Mount Pleasant couple among wave of younger people heading east

Megan and Keith Pottinger said they didn’t want to move to Surrey, but they are making peace with the affordability it brings | Chung Chow

Megan Pottinger didn’t want to move to Surrey, but she is making peace with the decision.

“For me, it was a huge thing,” the Mount Pleasant resident said when asked how she initially felt about the possibility of moving from Vancouver to South Surrey to accommodate a potentially growing family.

Pottinger, 29, who works in life insurance sales, and her husband, Keith, 31, a mechanical engineer, have a two-year-old boy, and the couple’s parents visit often from out of town. They live in a two-bedroom, two-bathroom townhouse and plan on having more kids – but staying where they are and upgrading is not financially viable.

“It’s super discouraging, for sure,” Pottinger said. “My husband grew up in Kerrisdale, so when they talk about house prices here now, we would never be able to own a house here.”

Their Mount Pleasant home is 1,010 square feet, a tight fit given they want to have a live-in nanny as well as host their parents when they’re in town.

“For one more bedroom we realized we were going to have to spend an extra $500,000,” she said. “Seems a little bit ridiculous.”

The Pottingers bought their place in Mount Pleasant in 2014 and have since sold it for a substantial profit. They have purchased a 1,900-square-foot South Surrey home, with four bedrooms, three and a half bathrooms, a two-car garage and two living rooms and are scheduled to move in October 1. The home is at the Adera South Ridge Club development, which also has an outdoor pool, patio, clubhouse and gym. The $730,000 price tag included all the upgrades and GST.

Homes in Mount Pleasant comparable with what they bought in South Surrey are selling for more than $3 million.

While Pottinger initially struggled with the idea of moving, her husband, who works in South Surrey, said it was easier for him to get used to because it will mean less time spent in his car.

“It will drop my commute from 45 minutes each way to 10 minutes each way, which will save me over an hour a day in commuting and allow me to spend more time with my family,” he said.

Megan Pottinger said a few of her friends are following suit, moving from areas like Trout Lake to South Surrey, where they can live – and expand their families – in single-family homes instead of smaller townhouses or condos.

“For us it was a very realistic, black-and-white [decision],” she said. “We just can’t afford to stay here. … We were also able to sell our place for a profit, and if we would have bought [another] place [in Mount Pleasant], we would have been [cash]-poor. And there would have been no vacations and no new cars, so in the beginning it was definitely really hard psychologically, and now we see it as a huge perk.”

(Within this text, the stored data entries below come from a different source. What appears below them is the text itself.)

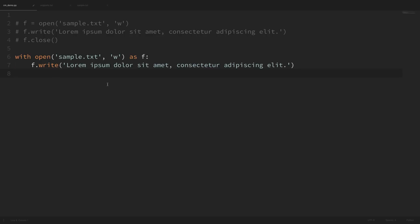There are a couple of different ways that we can write our own context managers — either using a class or using a function with a decorator — and we'll look at both in this video. To start off, let's replicate the functionality we saw when using the context manager to open a file, creating one that opens the file for us and then automatically closes it when we're done.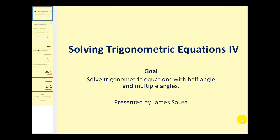Welcome to the fourth video on solving trig equations. The goal of this video is to solve trig equations with half angles and multiple angles.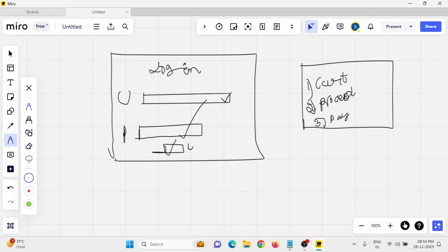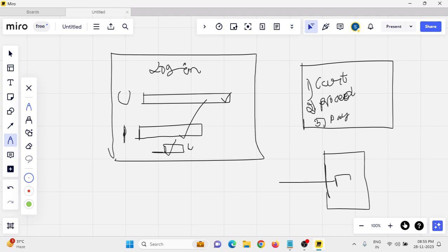If you identify any issues, you can immediately inform the development team. I am also taking a mobile application example. The core functions to check in a mobile app are: opening the app, navigating between screens, and accessing primary features like login.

According to the Real Estate Board of Greater Vancouver, March home sales set an all-time record, eclipsing the 5,000-sales mark for the first time ever on record, and the benchmark price for all residential properties in Metro Vancouver was up 23.2% compared with March 2015.

Eric Andreasen from Adera Development, which is building the South Surrey South Ridge Club development, said the Pottingers are one of many couples from various enclaves around the city moving to South Surrey for financial reasons.

“It’s like when you throw a stone in the water, and the waves ripple out,” he said, referring to home price increases in Vancouver pushing younger couples east.

Andreasen acknowledged that moving from Vancouver to Surrey has been a psychological adjustment for some people, but added that it is something people are learning to adjust to, and eventually love, over time.

“Let’s be honest – certain people become accustomed to certain stigmas … around this town. But I can absolutely say all you have to do is drive to South Surrey and take a look at what’s going on here.”